RESTRICTED SHARES AGREEMENTS,

PARTICIPANT GRANT AND AGREEMENTS,

1992 INCENTIVE EQUITY PLAN,

2007 INCENTIVE EQUITY PLAN,

LONG-TERM INCENTIVE PROGRAM, AND

2000 RETENTION PLAN

THIS OMNIBUS AMENDMENT is made this 31 day of December, 2008, by Cliffs Natural Resources Inc. (the “Company”).

WITNESSETH:

WHEREAS, from time to time the Company has granted restricted shares, performance shares, retention units and restricted share units to certain executives under the 1992 Incentive Equity Plan, the 2007 Incentive Equity Plan, the Long-Term Incentive Program, or the 2000 Retention Plan (the “Plans”) as such grants are set forth in certain Restricted Shares Agreements and Participant Grant and Agreements (the “Agreements”); and

WHEREAS, it is the desire of the Company to amend such Agreements and Plans in order to clarify certain provisions of the Agreements and Plans in order to ensure compliance of such Agreements and Plans with the requirements of Internal Revenue Code section 409A; and

WHEREAS, the Company has the power to amend such Agreements and Plans without the consent of the grantee unless the amendments adversely affect the grantee; and


WHEREAS, the Company has determined that the amendments contained herein do not adversely affect the grantees under the Agreements;

NOW, THEREFORE, effective December 31, 2008, the Company hereby amends all Restricted Share Agreements and Participant Grant and Agreements issued under either the 1992 Incentive Equity Plan, the 2007 Incentive Equity Plan, the Long-Term Incentive Program, or the 2000 Retention Plan which were not earned and vested prior to January 1, 2005, for purposes of Internal Revenue Code section 409A, and hereby amends the Plans as follows:

(1) The date for payment of all compensation under the Agreements and Plans including but not limited to performance shares, retention units, and restricted share units shall be as soon as reasonably possible after the end of the incentive period or retention period specified in the Agreements, but in any event no later than the end of the calendar year beginning after the end of the incentive period or retention period, unless the date of payment is deferred by the executive pursuant to, and it compliance with, the terms of the Company’s Voluntary Non-Qualified Deferred Compensation Plan.

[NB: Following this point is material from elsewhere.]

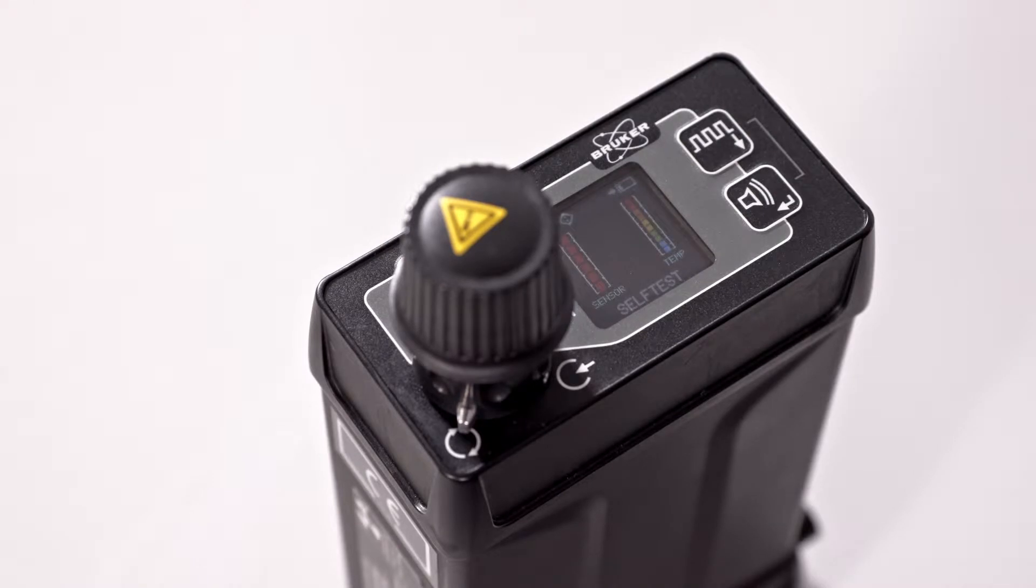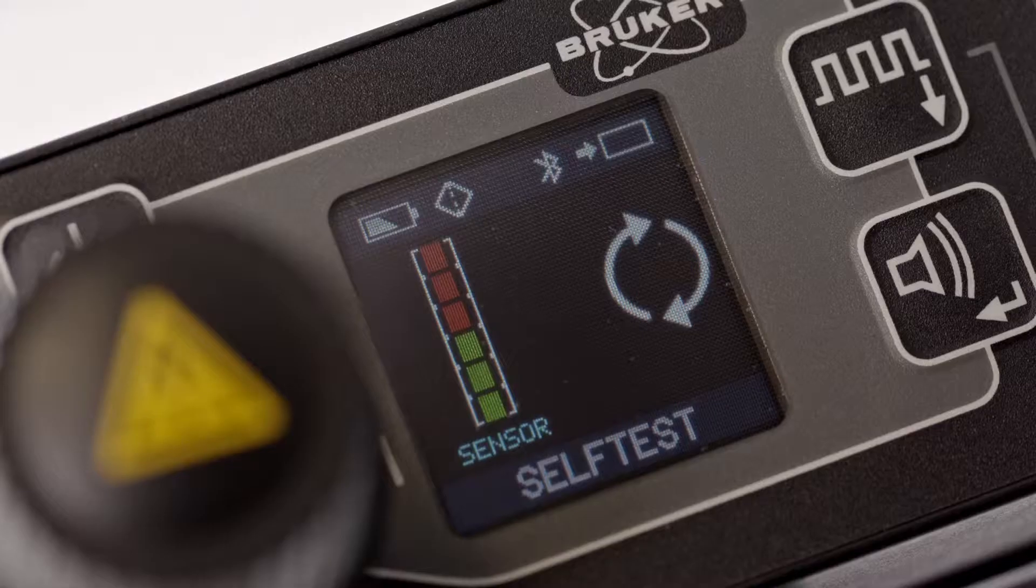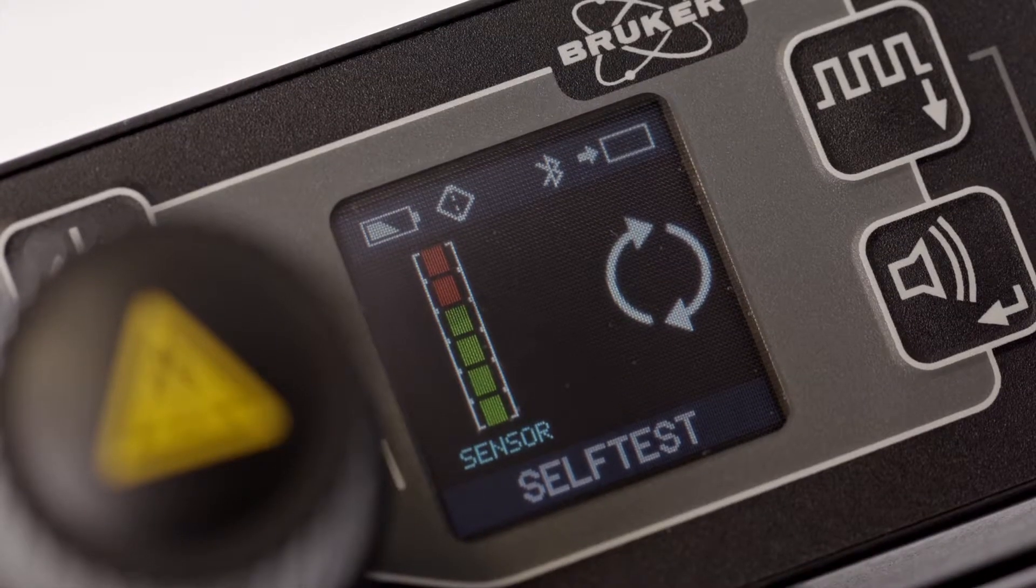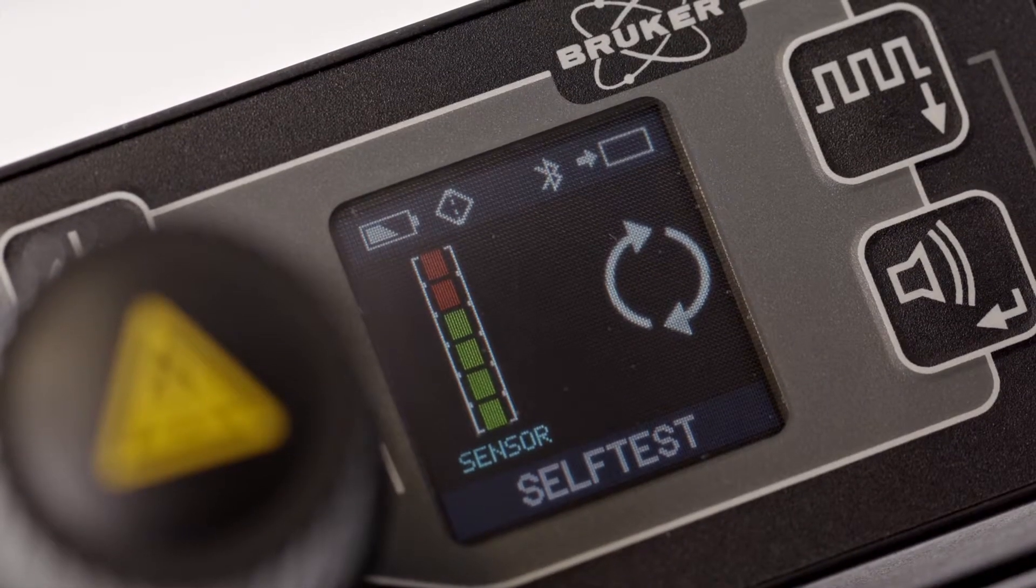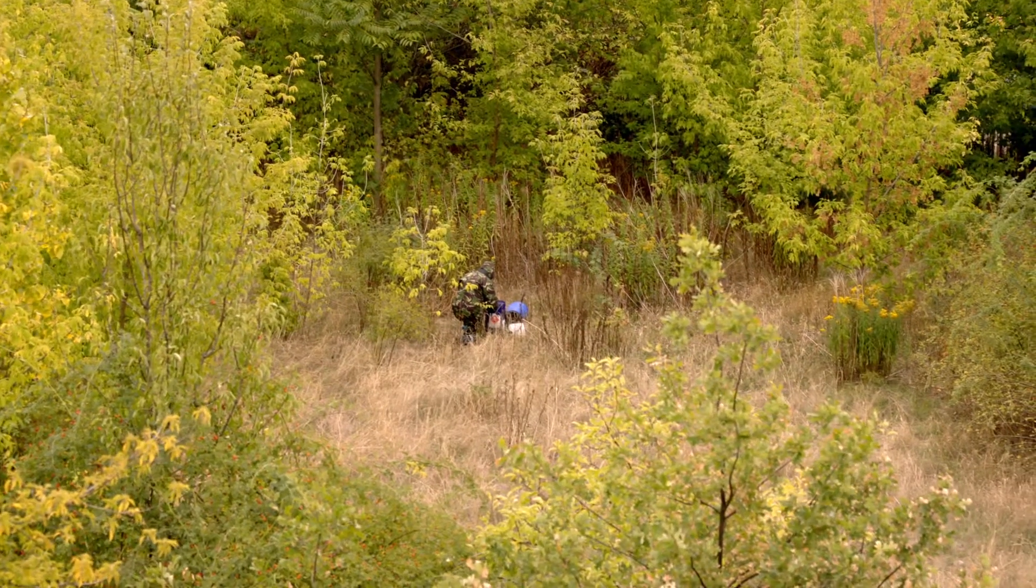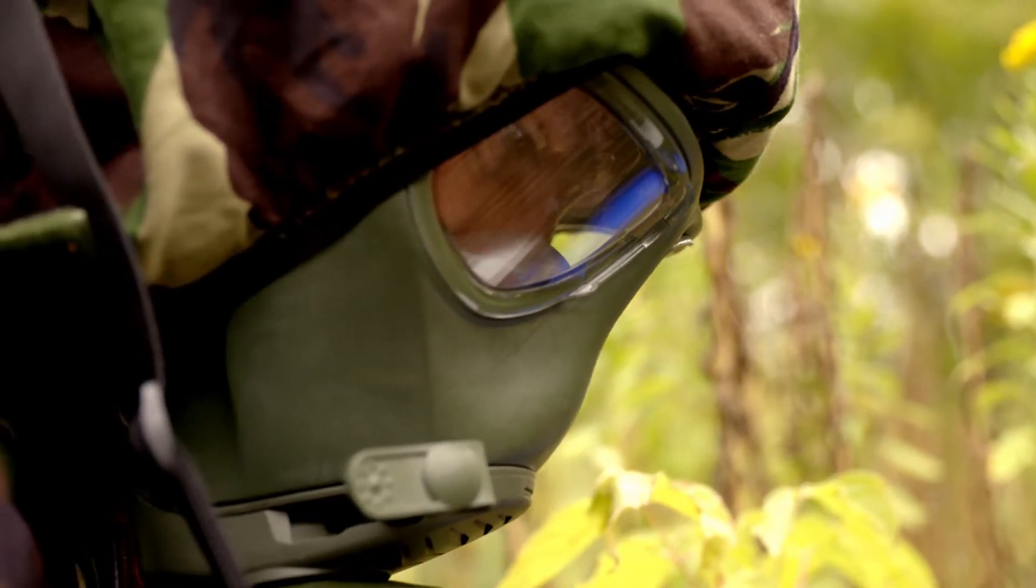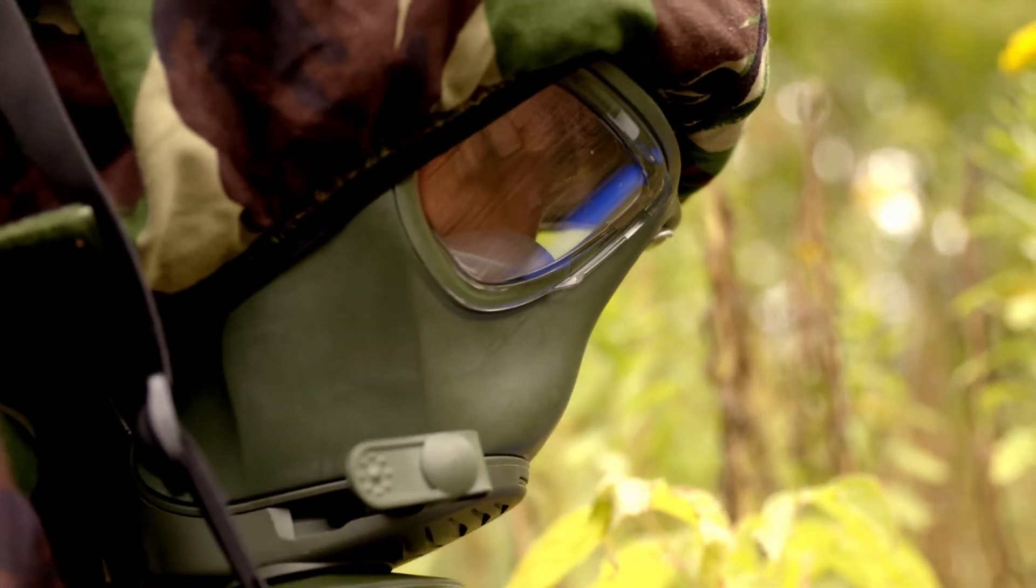When switching on the instrument, intuitive icons and messages guide the operator's use. Every action can be completed with one hand.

(2) Whenever used in the Agreements or the Plans, the term “Change in Control” shall mean the occurrence of any of the following events:

(a) Any one person, or more than one person acting as a group, acquires ownership of stock of the Company that, together with stock held by such person or group, constitutes more than 50% of the total fair market value or total voting power of the stock of the Company. However, if any one person, or more than one person acting as a group, is considered to own more than 50% of the total fair market value or total voting power of the stock of the Company, the acquisition of additional stock by the same person or persons is not considered to cause a Change in Control. An increase in the percentage of stock owned by any one person, or persons acting as a group, as a result of a transaction in which the Company acquires its stock in exchange for property will be treated as an acquisition of stock for purposes of this Agreement.

 

2


(b) Any one person, or more than one person acting as a group, acquires (or has acquired during the 12-month period ending on the date of the most recent acquisition by such person or persons) ownership of stock of the Company possessing 35% or more of the total voting power of the stock of the Company.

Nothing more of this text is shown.